**** MATERIAL SHOWN ****

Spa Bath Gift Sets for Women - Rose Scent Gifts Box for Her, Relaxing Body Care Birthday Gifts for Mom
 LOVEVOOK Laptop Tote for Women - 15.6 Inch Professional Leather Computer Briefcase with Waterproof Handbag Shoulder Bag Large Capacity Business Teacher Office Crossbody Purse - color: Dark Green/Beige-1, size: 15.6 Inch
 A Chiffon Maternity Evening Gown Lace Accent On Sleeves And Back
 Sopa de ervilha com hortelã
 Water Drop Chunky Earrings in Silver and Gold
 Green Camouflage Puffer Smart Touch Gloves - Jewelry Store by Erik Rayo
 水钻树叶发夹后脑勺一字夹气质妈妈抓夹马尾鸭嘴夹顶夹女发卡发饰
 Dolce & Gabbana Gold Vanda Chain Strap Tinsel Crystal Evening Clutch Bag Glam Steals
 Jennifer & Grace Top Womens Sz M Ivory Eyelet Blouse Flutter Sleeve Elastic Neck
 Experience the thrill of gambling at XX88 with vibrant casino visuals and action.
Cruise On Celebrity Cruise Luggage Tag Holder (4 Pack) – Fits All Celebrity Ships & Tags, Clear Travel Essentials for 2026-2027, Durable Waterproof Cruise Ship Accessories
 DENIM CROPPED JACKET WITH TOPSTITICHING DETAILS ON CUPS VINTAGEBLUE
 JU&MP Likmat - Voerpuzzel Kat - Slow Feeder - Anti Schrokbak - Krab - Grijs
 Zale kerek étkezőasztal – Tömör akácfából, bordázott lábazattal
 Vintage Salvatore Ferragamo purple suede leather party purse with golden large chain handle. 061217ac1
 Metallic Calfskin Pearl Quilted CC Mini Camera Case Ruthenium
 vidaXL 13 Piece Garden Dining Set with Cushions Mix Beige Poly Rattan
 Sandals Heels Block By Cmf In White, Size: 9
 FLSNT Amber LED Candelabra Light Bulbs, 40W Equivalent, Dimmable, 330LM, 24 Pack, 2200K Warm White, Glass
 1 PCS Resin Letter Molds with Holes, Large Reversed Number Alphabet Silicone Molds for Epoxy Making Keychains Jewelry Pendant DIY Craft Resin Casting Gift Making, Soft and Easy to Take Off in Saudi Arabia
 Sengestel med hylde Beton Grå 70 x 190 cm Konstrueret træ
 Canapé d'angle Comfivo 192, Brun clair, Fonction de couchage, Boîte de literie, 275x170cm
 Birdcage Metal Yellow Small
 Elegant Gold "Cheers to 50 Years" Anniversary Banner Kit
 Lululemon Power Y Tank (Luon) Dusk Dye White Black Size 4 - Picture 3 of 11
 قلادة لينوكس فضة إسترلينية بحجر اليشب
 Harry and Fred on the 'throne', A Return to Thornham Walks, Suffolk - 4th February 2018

****

→ **WORK INSTRUCTIONS**
Looking only at the lines of the material above, count those containing "Waterproof" and give that number by itself.

→ **OUTPUT FOR THIS EXERCISE**
2